Third is excess leverage, and it’s the most “plumbing” of the three reasons. Crypto markets, by their nature, attract risk-taking. In bull markets, leverage builds: investors borrow against positions to buy more. Fortune gives a concrete example: Strategy, the world’s largest digital asset treasury, increased purchases in 2024 and 2025 to accumulate about 4% of Bitcoin’s total supply, financing that buying spree with new equity and debt issuances. The company’s Bitcoin funding approach, Fortune says, seeded similar playbooks across the market, as other firms raised capital to build their own digital asset stockpiles.
But as Bitcoin’s price declined, the leverage model came under pressure. Since October, Strategy’s stock price has fallen by 75%. Hougan explains the dynamic bluntly: leverage is getting “squeezed out of the system now that we’re in a bear market,” pointing to declining open interest in derivatives and a pullback in digital asset treasury companies. Julio Moreno, head of research at CryptoQuant, is also cited as part of the leverage-focused analysis. The stress shows up not just in trading metrics but in corporate balance-sheet moves. Fortune notes Strategy’s decision to sell part of its Bitcoin holdings, which likely further weakened demand for the asset. In plain English, when leveraged players scramble for liquidity, they can sell into weakness, making the bear case self-reinforcing.
Even with those pressures, some strategists think there is a timeline for relief. Fortune says that if Bitcoin returns to its 2025 highs, the outlook could get worse in the short term before it gets better, because multiple factors are weighing on near-term moves. Pandl projects a bottom of $58,000, even though the token has traded around $60,000 for the past month. He points to potential interest rate hikes, Strategy’s impact on investor confidence, and progress on a key crypto bill in the U.S. Senate as ingredients affecting short-term price action.
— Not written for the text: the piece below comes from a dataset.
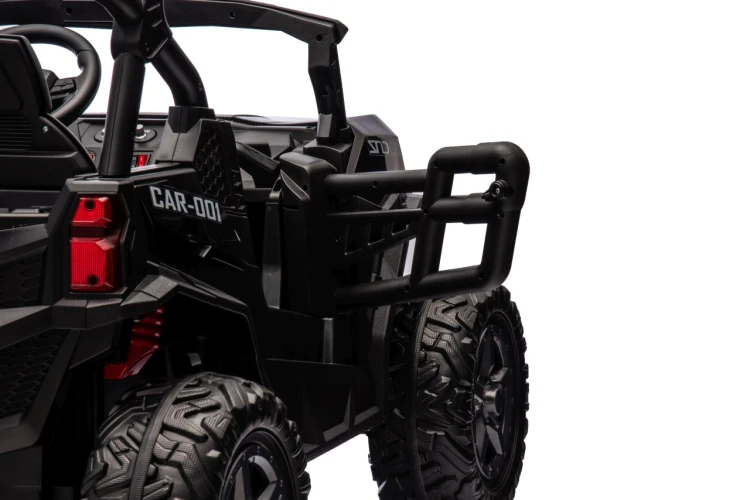 Pojazd Buggy OBSERVER 4x4 Czarny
Adrian Fritz, chief investment strategist at 21Shares, expects Bitcoin to find a bottom sometime in the summer and projects a rebound toward $100,000 by year-end. Fortune includes his framing that the target may sound like a stretch, but once momentum builds, upside capture can happen quickly. For executives tracking crypto-linked strategies, the practical takeaway is not whether $100,000 “will” happen. It’s that the same macro and leverage dynamics that can push Bitcoin down can also flip faster than most models assume. Timing, capital structure, and liquidity planning become existential, especially for firms whose strategies depend on steady demand and repeat purchases.